* [DATA RECORDS]:
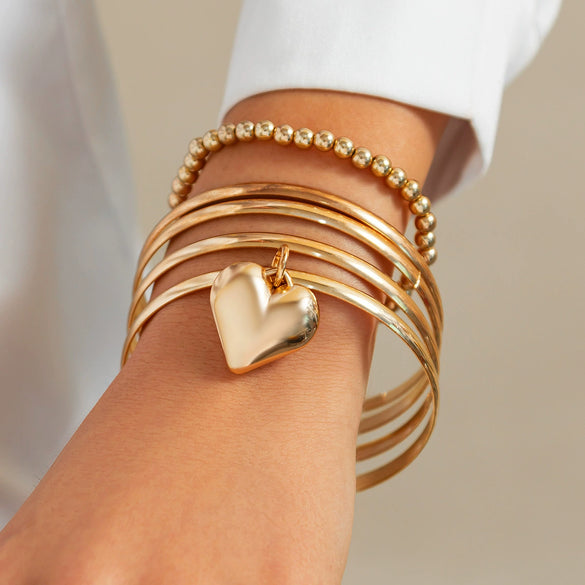 Punk Metal Beaded Bracelet With Love Pendant Geometric Style Iron Electroplated For Women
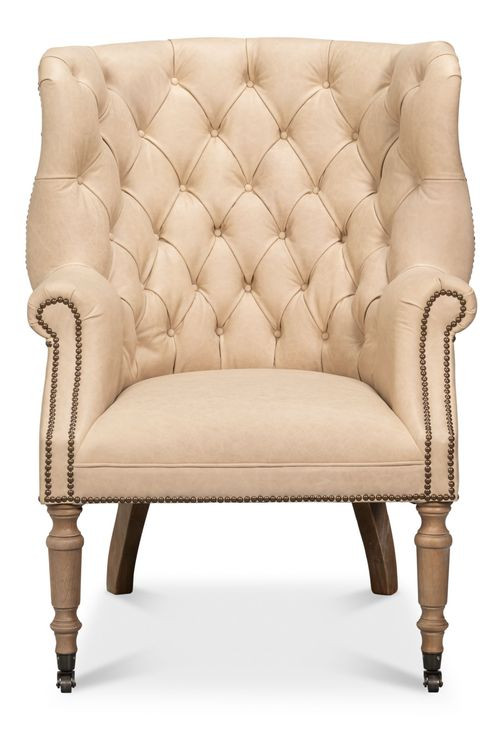 Welsh Cappuccino Leather Upholstered Accent Chair with Nailhead Trim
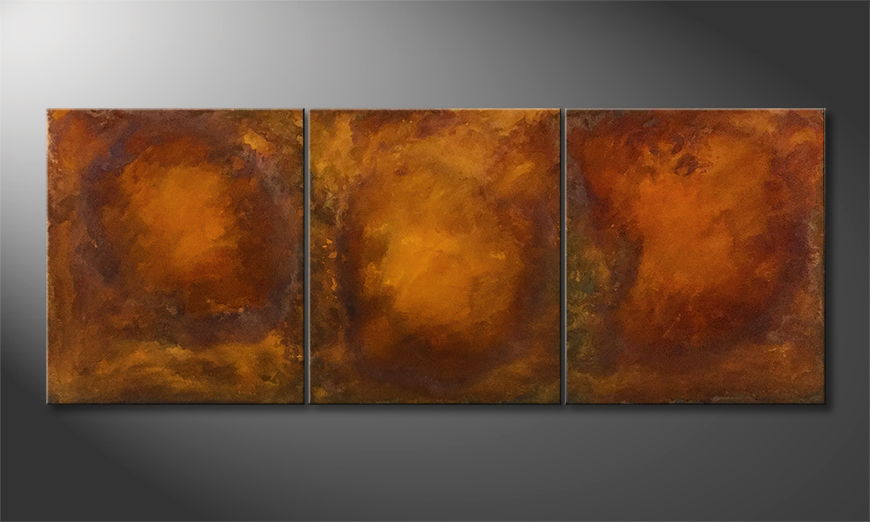 Het exclusieve schilderij Triple Rost 180x70cm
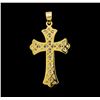 Image 2 : 0.60 ctw Diamond Cross Pendant - 14KT Yellow Gold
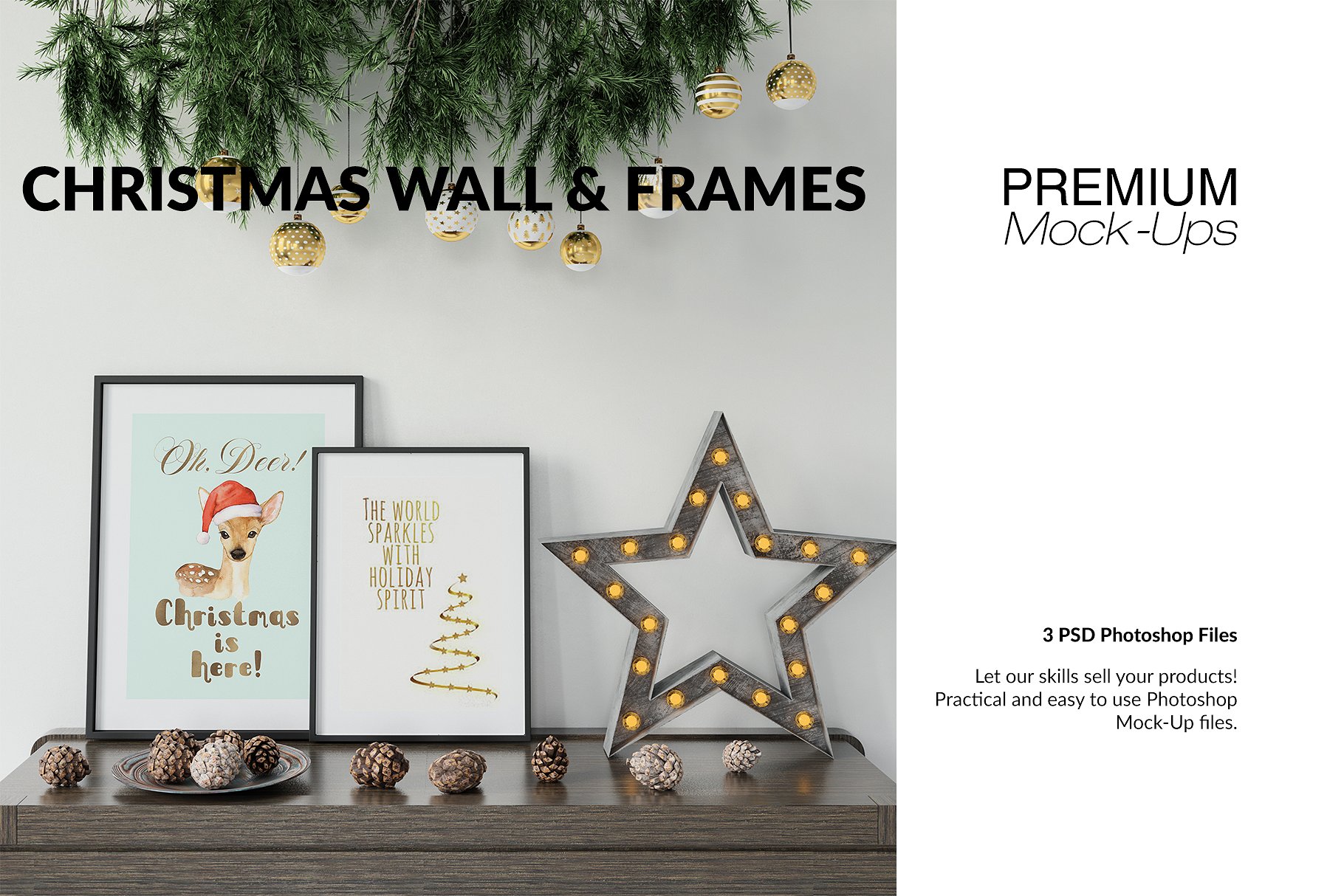 高品质的圣诞节画框框架和墙壁装饰展示样机 Christmas Frames & Wall Set [psd,jpg]插图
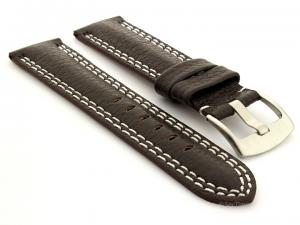 Double Stitched Leather Watch Band Dark Brown Freiburg DS 02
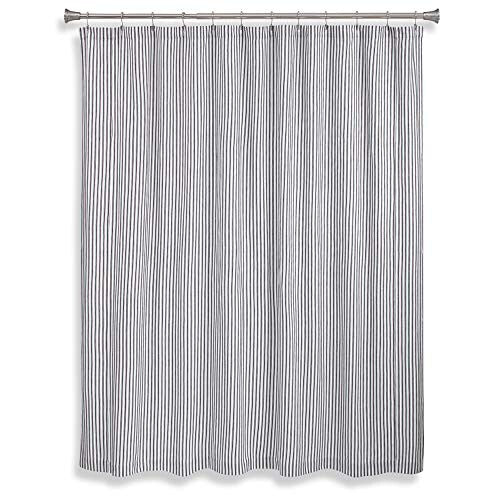 cackleberry Home Black and White Ticking Stripe Woven cotton Shower curtain 72 Inches W x 72 Inches L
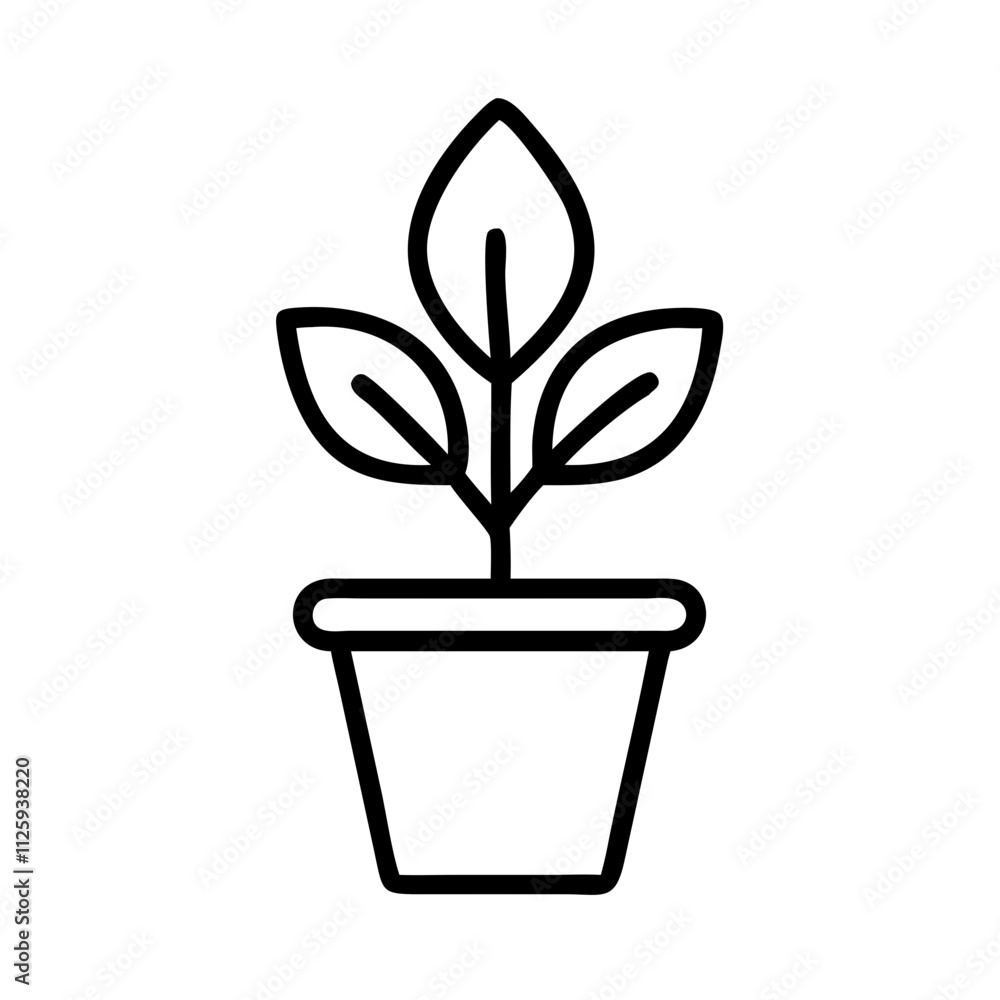 Plant with pot icon line art outline style Plant with pot icon line art outline style
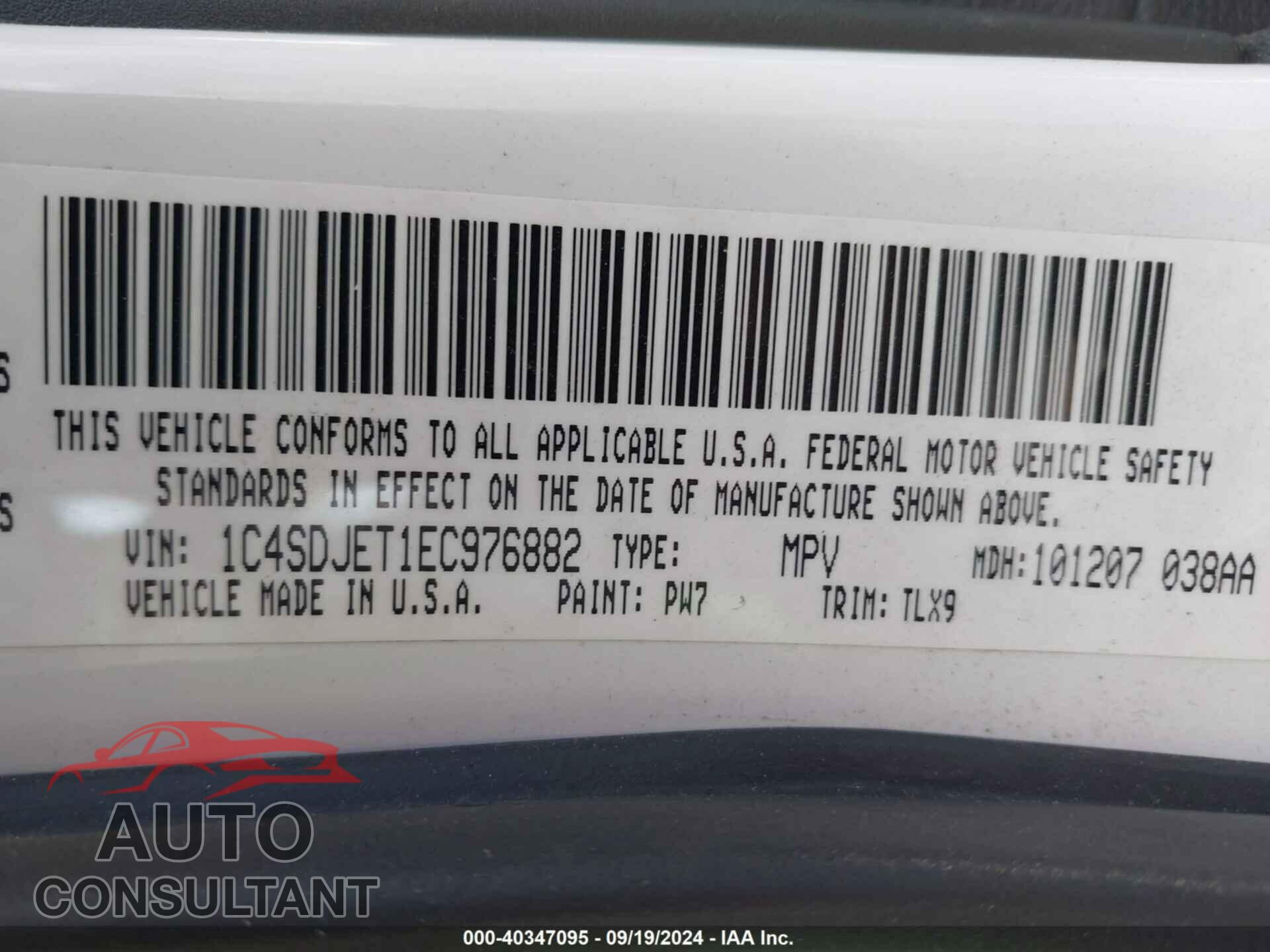 DODGE DURANGO 2014 - 1C4SDJET1EC976882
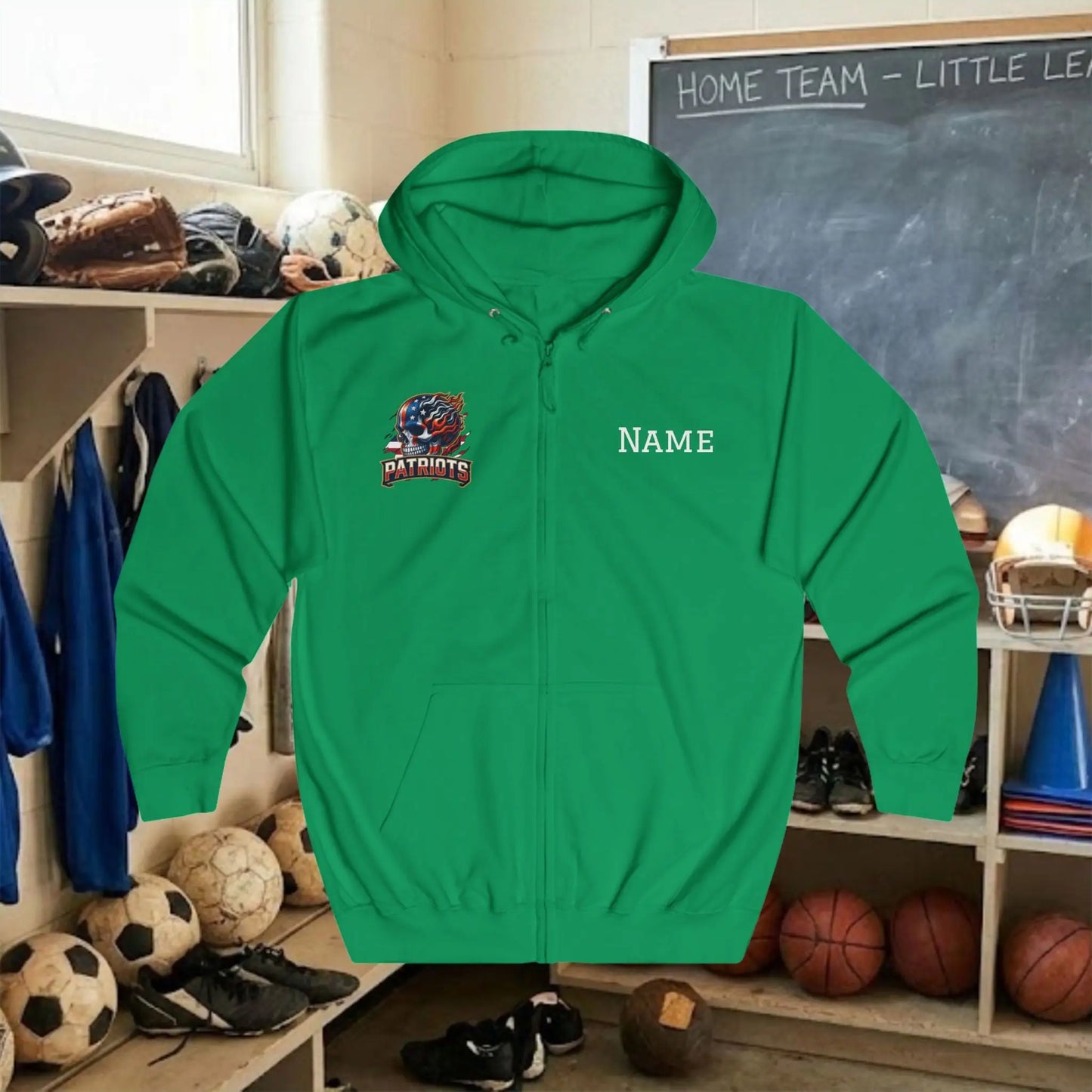 Custom Team Adult Zip Up Hoodie – Right Chest Logo & Name (Premium Soft Cotton)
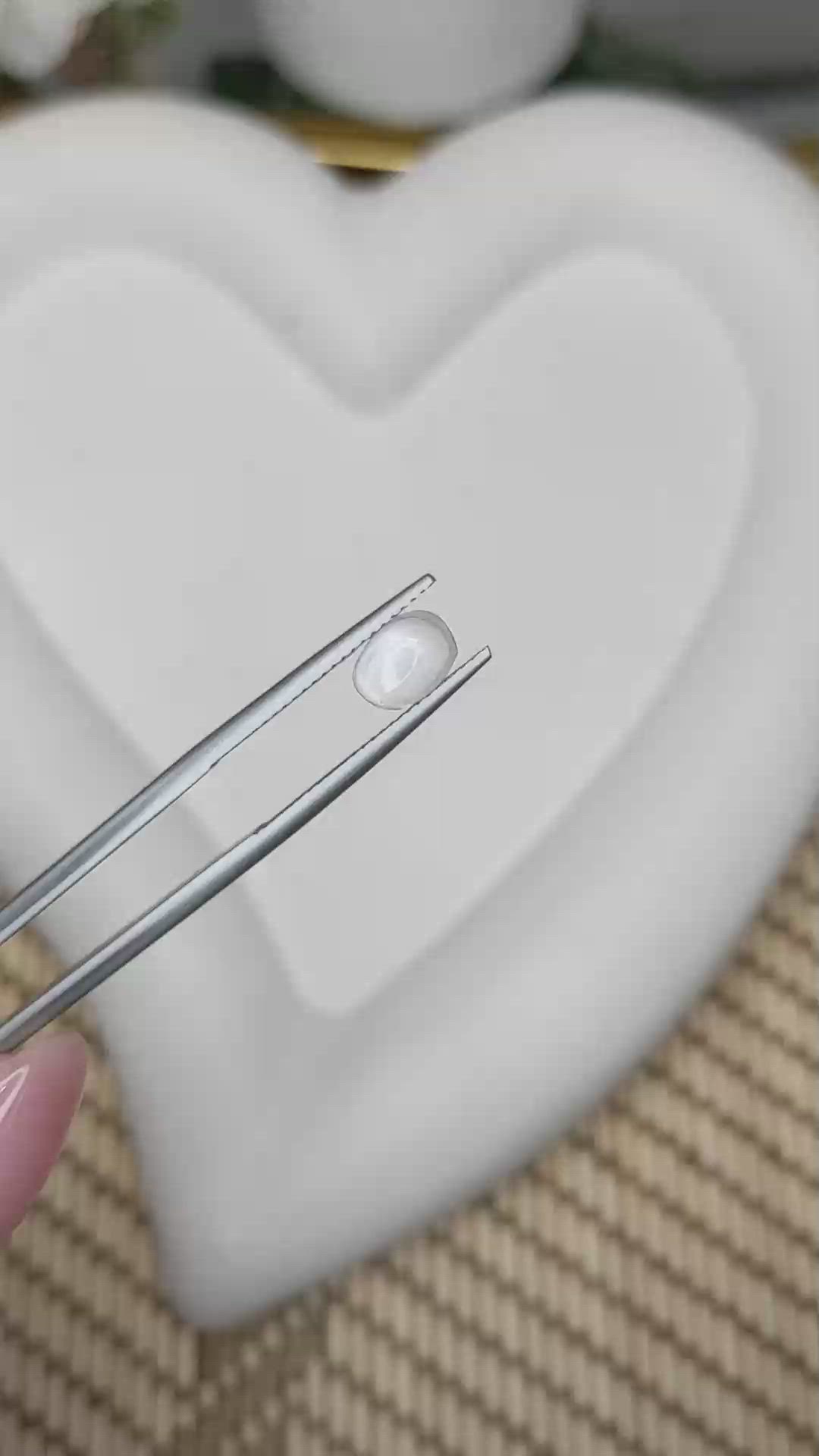 1.19 Ct. Blue Flash Cabochon Moonstone from Ceylon (Sri Lanka) Size Video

* [TASK DESCRIPTION]: Repeat exactly, and only, the entries from the line with "cackleberry Home Black" through the line with "DODGE DURANGO 2014 - 1C4SDJET1EC976882". Pictures are skipped.

* [EXERCISE ANSWER]:
 cackleberry Home Black and White Ticking Stripe Woven cotton Shower curtain 72 Inches W x 72 Inches L
 Plant with pot icon line art outline style Plant with pot icon line art outline style
 DODGE DURANGO 2014 - 1C4SDJET1EC976882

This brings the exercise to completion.